In 2008, the Commission on Christian Action’s report to General Synod included a paper titled “Pornography and the Internet.” As the paper states, the Internet offers hundreds of millions of pornographic web pages, and this new availability has heightened ethical concerns. Studies show that there has been a huge increase in the number of people who access pornography and that a much wider cross-section of people, including women and children and many pastors, now obtain pornography. Because access takes place in the privacy of a home, people can avoid the social stigma that kept many of them from associating themselves with pornography in the past. The paper calls attention to the use of the Internet to distribute child pornography and as a tool for pedophiles and sexual predators to seek victims. It also mentions that Internet pornography is the main component of a new psychological disorder called “cybersex addiction” that has proved very difficult to treat. While acknowledging that fighting the multi-billion dollar porn industry with all its advocates and lobbyists is daunting, the paper concludes by stating: “Despair is not the appropriate Christian response…Some information regarding pornography is available, but most in the church are not aware that it exists and prefer to ignore the problems pornography is responsible for both in the church and in society. With all the information that is available, the church remains silent. It must, at a minimum, inform and educate its members. ‘Anyone, then, who knows the right thing to do and fails to do it, commits sin’ (James 4:17).” The commission concludes its report with a recommendation to have a denominational pornography awareness day, which synod approved. (MGS 2008: 223-225; read the full report)

The Word Became Flesh

General Synod 2015 accepted this paper from the Commission on Theology as a resource for further reflection on human sexuality. 
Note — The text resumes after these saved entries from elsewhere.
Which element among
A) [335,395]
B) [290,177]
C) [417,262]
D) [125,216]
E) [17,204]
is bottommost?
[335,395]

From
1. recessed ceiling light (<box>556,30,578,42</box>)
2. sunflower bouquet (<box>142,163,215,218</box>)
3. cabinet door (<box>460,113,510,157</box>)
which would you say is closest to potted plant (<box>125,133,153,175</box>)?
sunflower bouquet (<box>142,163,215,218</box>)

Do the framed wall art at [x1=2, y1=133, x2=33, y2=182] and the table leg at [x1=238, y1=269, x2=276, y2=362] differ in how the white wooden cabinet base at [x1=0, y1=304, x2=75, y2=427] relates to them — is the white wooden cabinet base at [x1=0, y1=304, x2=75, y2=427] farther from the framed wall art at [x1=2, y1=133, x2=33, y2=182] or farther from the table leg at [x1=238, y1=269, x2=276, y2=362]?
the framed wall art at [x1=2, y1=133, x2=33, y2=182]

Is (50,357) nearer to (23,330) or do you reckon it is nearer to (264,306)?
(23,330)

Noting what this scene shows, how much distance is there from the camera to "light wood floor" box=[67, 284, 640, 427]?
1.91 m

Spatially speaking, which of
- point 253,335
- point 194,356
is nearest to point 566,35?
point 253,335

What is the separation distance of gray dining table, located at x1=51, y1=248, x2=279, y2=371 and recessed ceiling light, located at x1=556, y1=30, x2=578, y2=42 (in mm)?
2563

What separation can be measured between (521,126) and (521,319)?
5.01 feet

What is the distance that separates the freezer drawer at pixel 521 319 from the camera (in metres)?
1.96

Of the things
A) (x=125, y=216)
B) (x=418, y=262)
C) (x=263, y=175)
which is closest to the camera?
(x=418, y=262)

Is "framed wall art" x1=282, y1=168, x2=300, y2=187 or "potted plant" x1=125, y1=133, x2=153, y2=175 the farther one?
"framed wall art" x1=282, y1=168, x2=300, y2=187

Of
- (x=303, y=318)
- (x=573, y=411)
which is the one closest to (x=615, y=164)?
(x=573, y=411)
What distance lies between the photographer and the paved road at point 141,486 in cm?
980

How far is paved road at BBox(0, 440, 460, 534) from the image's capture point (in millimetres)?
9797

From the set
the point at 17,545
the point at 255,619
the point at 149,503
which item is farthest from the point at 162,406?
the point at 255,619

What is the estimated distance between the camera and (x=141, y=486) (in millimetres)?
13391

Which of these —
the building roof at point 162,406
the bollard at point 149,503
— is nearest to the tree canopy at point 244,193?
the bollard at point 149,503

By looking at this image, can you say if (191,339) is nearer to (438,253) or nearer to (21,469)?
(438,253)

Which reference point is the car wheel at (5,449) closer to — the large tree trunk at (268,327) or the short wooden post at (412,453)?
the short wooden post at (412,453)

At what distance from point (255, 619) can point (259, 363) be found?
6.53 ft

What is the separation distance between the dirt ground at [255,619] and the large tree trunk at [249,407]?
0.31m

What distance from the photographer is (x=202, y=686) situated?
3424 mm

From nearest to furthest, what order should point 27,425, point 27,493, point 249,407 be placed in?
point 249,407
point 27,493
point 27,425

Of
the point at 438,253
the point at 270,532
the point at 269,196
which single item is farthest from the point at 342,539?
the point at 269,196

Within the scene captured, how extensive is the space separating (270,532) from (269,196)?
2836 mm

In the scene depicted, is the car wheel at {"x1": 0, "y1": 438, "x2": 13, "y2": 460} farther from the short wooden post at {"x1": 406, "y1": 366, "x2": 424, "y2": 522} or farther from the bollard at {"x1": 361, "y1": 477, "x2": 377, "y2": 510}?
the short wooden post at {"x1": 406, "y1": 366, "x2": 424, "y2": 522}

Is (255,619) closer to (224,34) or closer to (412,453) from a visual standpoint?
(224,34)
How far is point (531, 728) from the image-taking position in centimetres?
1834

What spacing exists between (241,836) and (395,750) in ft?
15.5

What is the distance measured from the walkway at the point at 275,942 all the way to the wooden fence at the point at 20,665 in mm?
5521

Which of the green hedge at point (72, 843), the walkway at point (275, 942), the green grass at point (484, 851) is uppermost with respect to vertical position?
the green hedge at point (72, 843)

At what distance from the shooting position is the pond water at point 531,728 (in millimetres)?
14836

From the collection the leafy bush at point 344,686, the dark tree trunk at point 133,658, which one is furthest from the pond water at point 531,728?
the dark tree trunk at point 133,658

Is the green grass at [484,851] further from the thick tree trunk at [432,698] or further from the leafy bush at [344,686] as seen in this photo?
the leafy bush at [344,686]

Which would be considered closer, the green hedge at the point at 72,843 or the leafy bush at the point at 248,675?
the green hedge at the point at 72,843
Setting the Context for the Church’s Discussion of Issues Involving Sexuality

At a crucial point in his letter to the Romans, Paul writes, “I appeal to you therefore, brothers and sisters, by the mercies of God, to present your bodies as a living sacrifice, holy and acceptable to God, which is your spiritual worship.” Then he adds, “Do not be conformed to this world, but be transformed by the renewing of your minds, so that you may discern what is the will of God—what is good and acceptable and perfect” (Romans 12:1-2).

Setting the topic of sexuality within the drama of God’s rule and reconciliation in Christ might indeed enable our church to rediscover the ground of a meaningful cultural witness in the midst of wearying conflict over a variety of topics concerning sexuality. Sex is a gift, but a gift to be honored and used in the service of the life in Christ. In our late-modern context, setting discussions of sexuality in right proportion is an increasingly difficult task. In the effort to sustain disciplined reflection about Christian life in the world, this paper offers a provisional sketch of a number of theological and moral considerations necessary to understand sexuality as a divine gift to be honored and used in the service of the kingdom of God. The Commission on Theology believes that entering into this reflection upon our common commitments regarding human sexuality will assist the church when it takes up the more contentious issues of same-sex attraction and marriage.

This introduction has been written with the conviction that agreement upon the meaning and scope of the biblical witness concerning God’s purposes for human sexuality is necessary. Without such agreement, we see little hope for a more fruitful and constructive theological process for securing an understanding of what is at stake for the church to address the narrower topics of same-sex attraction and same-gender marriage. In other words, our confession of “one holy catholic and apostolic church” demands that prior to giving in to the temptation toward sectarianism, which would widen the separation between two or more parties, we first risk asking the question: Is there a biblical and theological foundation for a distinctly Christian understanding of sexuality in general, one that provides for a renewed discovery of core Christian commitments about reconciliation, holiness, authority, personhood, vocation, community, and friendship?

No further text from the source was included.